Daniel González

Personal information
- Full name: Daniel González Vega
- Date of birth: 8 November 1992 (age 33)
- Place of birth: Torreón, Coahuila, Mexico
- Height: 1.71 m (5 ft 7+1⁄2 in)
- Position: Striker

Youth career
- Toluca

Senior career*
- Years: Team / Apps / (Gls)
- 2013–2014: Toluca / 2 / (0)
- 2014–2015: → Tlaxcala (loan) / 22 / (12)
- 2015–2016: Chiapas / 7 / (1)
- 2016: → Guadalajara Premier (loan) / 10 / (5)
- 2017–2018: Potros UAEM / 5 / (1)
- 2018: Scarborough SC B / 6 / (4)
- 2019: Cafetaleros de Chiapas / 4 / (2)
- 2020–2021: Chapulineros de Oaxaca / 0 / (0)
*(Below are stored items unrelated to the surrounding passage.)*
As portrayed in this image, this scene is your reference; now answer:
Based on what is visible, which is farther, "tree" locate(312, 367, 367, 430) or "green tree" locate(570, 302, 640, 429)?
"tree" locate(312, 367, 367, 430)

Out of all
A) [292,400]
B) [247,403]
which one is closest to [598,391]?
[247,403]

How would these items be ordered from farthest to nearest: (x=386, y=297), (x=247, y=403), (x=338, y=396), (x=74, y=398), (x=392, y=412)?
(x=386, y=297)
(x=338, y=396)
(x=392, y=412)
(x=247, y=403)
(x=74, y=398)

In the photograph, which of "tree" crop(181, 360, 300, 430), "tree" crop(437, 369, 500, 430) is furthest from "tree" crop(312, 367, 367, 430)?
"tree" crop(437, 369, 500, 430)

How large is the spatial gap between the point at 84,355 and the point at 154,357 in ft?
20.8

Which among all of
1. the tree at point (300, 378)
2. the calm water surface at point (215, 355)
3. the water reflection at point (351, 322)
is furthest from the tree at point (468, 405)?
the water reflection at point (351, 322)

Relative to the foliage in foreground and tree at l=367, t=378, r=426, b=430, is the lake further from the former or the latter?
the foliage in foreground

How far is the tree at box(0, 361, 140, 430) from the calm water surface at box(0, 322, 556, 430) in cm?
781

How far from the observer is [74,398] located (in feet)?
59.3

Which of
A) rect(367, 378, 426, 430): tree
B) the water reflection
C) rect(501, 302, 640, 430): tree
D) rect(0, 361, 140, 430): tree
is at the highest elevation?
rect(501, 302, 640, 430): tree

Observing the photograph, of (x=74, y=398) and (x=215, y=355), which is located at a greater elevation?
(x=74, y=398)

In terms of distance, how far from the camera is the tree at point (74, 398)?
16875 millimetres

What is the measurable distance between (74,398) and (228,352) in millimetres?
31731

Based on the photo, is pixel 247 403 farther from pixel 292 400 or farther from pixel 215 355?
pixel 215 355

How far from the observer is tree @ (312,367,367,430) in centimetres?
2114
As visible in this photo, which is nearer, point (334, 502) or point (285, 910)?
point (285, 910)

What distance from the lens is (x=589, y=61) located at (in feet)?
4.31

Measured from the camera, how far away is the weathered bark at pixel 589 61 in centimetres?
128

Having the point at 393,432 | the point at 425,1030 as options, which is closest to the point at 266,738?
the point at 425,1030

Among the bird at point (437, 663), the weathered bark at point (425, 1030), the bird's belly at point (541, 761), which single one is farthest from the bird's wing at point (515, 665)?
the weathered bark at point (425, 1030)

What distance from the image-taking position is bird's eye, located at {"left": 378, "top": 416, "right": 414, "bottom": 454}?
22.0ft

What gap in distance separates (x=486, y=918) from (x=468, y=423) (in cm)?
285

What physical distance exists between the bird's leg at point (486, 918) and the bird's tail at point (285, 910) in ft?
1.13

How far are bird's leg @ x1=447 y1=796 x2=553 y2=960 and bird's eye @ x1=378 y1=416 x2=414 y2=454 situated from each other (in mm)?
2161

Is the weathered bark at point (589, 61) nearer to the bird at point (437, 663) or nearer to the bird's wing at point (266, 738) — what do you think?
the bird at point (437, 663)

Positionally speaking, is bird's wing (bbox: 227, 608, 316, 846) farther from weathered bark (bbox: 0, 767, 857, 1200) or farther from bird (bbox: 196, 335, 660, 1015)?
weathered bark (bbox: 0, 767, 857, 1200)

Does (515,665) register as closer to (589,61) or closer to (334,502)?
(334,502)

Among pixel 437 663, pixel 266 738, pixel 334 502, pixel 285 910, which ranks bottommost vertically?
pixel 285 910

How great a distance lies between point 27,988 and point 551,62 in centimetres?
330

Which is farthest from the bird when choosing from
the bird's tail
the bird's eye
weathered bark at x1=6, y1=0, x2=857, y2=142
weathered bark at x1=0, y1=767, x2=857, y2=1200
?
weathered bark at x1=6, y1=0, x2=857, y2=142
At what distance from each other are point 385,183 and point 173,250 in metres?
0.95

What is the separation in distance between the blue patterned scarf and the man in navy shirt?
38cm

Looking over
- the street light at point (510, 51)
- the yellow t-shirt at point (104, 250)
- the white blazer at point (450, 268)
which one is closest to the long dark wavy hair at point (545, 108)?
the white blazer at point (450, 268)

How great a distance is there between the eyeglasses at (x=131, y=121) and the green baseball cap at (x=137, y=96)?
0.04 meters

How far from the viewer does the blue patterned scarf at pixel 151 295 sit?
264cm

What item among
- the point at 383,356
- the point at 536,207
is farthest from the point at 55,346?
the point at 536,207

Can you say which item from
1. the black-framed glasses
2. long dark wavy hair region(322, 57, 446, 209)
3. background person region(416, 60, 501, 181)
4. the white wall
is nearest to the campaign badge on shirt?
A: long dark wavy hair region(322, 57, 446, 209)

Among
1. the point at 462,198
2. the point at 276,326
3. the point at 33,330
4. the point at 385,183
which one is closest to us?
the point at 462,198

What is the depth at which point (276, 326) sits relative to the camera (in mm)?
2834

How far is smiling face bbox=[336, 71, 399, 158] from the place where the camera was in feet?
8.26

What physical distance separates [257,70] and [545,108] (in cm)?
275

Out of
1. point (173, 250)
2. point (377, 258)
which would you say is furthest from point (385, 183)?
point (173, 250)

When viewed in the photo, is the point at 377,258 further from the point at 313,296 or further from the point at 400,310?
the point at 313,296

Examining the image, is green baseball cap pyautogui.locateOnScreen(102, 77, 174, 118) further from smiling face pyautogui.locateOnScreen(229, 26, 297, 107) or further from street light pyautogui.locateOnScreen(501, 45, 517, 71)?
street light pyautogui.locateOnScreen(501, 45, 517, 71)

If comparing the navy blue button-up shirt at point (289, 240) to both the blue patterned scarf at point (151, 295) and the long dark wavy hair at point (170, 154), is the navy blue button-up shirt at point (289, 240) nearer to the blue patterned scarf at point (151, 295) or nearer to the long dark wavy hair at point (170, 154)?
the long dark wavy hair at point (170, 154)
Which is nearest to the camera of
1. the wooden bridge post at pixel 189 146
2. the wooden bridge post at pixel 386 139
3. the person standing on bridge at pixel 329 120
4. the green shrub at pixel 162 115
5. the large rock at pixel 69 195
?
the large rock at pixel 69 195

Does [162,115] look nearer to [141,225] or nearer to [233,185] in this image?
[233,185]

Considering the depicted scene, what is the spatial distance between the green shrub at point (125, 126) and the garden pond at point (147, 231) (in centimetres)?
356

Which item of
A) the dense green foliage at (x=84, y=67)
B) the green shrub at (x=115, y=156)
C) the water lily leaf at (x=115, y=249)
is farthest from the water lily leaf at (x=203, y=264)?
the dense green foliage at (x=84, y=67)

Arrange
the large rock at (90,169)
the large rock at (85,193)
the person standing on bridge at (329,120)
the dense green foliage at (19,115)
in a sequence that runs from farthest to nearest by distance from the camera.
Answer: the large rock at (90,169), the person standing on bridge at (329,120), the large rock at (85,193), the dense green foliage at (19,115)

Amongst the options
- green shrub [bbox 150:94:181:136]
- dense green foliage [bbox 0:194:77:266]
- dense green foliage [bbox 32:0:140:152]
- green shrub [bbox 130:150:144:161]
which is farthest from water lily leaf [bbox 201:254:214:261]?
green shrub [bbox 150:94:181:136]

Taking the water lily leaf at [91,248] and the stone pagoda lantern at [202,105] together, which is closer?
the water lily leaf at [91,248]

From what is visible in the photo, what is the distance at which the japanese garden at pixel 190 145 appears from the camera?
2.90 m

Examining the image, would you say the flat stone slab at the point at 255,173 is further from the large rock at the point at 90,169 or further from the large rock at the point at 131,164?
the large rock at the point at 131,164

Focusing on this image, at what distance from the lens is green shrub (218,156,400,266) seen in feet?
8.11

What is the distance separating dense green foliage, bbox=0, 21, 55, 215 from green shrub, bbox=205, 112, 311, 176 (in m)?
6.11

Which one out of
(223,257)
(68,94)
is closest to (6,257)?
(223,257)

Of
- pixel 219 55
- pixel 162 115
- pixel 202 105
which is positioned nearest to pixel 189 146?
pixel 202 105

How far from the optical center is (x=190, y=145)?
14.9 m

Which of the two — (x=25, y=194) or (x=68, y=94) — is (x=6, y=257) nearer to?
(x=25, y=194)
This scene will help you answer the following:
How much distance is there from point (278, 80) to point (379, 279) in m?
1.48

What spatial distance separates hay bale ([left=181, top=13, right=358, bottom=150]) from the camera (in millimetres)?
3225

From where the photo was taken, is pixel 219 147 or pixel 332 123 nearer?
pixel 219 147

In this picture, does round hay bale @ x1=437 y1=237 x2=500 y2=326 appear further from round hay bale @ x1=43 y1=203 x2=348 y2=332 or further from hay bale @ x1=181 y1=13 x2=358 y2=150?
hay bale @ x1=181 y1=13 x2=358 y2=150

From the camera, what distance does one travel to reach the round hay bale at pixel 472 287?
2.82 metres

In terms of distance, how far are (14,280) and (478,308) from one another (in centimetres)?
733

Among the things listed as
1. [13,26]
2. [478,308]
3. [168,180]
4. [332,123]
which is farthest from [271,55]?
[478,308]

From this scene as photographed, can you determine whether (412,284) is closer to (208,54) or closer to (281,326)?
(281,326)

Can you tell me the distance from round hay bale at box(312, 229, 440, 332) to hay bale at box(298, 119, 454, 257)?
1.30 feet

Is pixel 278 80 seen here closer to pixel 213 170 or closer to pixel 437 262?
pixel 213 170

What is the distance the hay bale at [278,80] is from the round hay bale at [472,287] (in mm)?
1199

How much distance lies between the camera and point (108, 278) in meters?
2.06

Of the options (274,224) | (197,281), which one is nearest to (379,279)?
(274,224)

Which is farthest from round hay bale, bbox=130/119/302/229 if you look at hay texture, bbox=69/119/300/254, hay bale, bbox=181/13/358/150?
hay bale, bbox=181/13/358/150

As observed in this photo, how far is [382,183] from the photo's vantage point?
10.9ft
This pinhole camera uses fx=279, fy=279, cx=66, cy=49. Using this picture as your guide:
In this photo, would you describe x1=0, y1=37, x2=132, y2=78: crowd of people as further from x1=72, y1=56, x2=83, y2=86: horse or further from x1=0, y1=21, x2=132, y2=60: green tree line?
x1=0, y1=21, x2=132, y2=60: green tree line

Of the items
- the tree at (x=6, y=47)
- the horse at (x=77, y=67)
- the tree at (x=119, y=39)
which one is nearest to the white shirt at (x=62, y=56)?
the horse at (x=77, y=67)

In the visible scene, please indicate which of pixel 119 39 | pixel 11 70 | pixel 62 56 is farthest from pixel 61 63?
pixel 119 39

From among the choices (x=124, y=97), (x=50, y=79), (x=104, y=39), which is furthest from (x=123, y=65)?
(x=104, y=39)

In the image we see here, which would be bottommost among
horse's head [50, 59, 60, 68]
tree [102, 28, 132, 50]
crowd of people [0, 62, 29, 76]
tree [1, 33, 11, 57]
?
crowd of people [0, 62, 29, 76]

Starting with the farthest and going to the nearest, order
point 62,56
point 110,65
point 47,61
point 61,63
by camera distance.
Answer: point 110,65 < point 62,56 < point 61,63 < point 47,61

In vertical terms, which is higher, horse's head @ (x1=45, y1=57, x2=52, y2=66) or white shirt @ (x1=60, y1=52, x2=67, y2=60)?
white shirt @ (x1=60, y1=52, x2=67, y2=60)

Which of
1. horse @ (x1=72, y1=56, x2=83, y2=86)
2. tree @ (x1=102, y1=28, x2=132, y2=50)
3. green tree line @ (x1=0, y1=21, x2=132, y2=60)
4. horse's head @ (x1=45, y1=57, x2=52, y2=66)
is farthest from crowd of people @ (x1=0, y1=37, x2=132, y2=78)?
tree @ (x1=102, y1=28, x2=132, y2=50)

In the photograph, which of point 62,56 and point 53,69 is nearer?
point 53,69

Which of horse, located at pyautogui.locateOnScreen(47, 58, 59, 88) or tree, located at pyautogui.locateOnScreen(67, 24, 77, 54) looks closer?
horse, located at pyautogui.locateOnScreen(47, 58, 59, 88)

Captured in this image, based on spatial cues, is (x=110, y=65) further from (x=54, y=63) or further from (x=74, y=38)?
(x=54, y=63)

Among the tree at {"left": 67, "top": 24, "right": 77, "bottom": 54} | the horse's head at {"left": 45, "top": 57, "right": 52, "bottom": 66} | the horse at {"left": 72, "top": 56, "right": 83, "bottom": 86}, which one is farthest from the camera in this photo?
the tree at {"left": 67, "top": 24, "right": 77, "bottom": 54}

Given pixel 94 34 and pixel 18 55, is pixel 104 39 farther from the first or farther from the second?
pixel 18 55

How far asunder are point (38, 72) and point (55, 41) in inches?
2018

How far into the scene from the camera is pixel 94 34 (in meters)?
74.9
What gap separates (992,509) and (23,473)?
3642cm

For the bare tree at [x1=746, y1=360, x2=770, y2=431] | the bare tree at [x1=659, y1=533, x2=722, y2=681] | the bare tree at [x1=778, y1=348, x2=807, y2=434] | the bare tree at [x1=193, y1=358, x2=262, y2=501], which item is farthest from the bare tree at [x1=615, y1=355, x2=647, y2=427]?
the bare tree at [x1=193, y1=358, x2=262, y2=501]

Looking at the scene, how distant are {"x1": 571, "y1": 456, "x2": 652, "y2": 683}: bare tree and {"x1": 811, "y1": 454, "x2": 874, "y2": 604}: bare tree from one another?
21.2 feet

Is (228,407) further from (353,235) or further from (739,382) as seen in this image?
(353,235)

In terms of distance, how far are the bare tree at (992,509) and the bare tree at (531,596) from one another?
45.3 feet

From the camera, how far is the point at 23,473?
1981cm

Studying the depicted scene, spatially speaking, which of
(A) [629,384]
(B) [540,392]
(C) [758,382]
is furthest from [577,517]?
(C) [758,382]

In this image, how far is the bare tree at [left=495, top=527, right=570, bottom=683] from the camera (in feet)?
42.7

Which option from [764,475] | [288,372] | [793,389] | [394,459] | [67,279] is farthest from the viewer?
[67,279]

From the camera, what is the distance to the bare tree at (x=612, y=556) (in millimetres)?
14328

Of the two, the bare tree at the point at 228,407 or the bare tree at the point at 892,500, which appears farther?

= Daniel González (footballer, born 1992) =

Mexican footballer

Daniel González Vega (born 8 November 1992) is a Mexican footballer who plays as a striker currently with Chapulineros de Oaxaca in Liga Premier de México.

==Career ==
González Vega began playing in the Liga MX in 2013 with Deportivo Toluca F.C. Throughout his tenure with Toluca he played in the 2013–14 CONCACAF Champions League. In 2014, he was loaned to the Serie A de México with Tlaxcala F.C. In 2015, he was loaned to Chiapas F.C., and later to C.D. Guadalajara Premier. In 2018, he played abroad in the Canadian Soccer League with Scarborough SC.

In 2020, he signed with Chapulineros de Oaxaca in the Liga Premier de México.